I’d like to post an answer for anybody running into similar issues where the string.Substring(i, j) function is not an acceptable solution to get the substring of a string because the string is either too large and you can’t afford the copying done by string.Substring(i, j) (it has to make a copy because C# strings are immutable, no way around it) or the string.Substring(i, j) is being called a huge number of times over the same string (like in my nested for loops) giving the garbage collector a hard time, or as in my case both!
Attempts
I’ve tried many suggested things such as the StringBuilder, Streams, unmanaged memory allocation using Intptr and Marshal within the unsafe{} block and even creating an IEnumerable and yield return the characters by reference within the given positions. All of these attempts failed ultimatively because some form of joining of the data had to be done as there was no easy way for me to traverse my tree character by character without jeopardizing performance. If only there was a way to span over multiple memory addresses within an array at once like you would be able to in C++ with some pointer arithmetic.. except there is..

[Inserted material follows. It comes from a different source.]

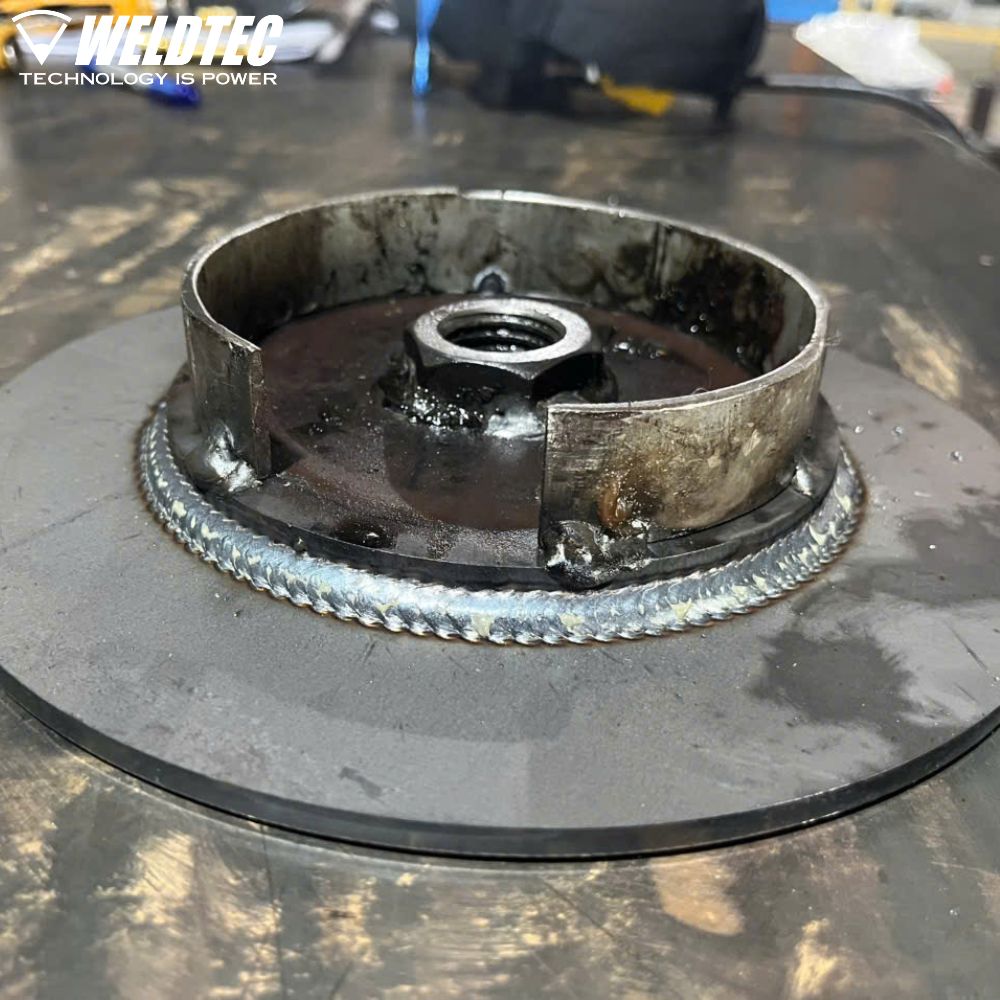 Weldtec bàn giao thành công sản phẩm Robot hàn Panasonic TM-1400G4 + YD-350GZ4 cho khách hàng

(credits to @Ivan Stoev’s comment)
The Solution
The solution was using System.ReadOnlySpan<T> (couldn’t be System.Span<T> due to strings being immutable) which, among other things, allows us to read sub arrays of memory addresses within an existing array without creating copies.
This piece of the code posted:
string _s1 = s1.Substring(i, j);
if (stree.has(_s1))
{
score += j - i;
longest = j - i;
}
Was changed to the following:
if (stree.has(i, j))
{
score += j - i;
longest = j - i;
}
Where stree.has() now takes two integers (position and length of substring) and does:
ReadOnlySpan<char> substr = s1.AsSpan(i, j);
Notice that the substr variable is literally a reference to a subset of characters of the initial s1 array and not a copy! (The s1 variable had been made accessible from this function)
Note that at the moment of writing this I am using C#7.2 and .NET Framework 4.6.1 meaning that to get the Span feature I had to go to Project > Manage NuGet Packages, tick the “Include prerelease” checkbox and browse for System.Memory and install it.
Re-running the initial test (on strings of length 1 milion characters i.e. 1MB) the speed increased from 2+ minutes (I gave up waiting after 2 minutes) to ~86 miliseconds!!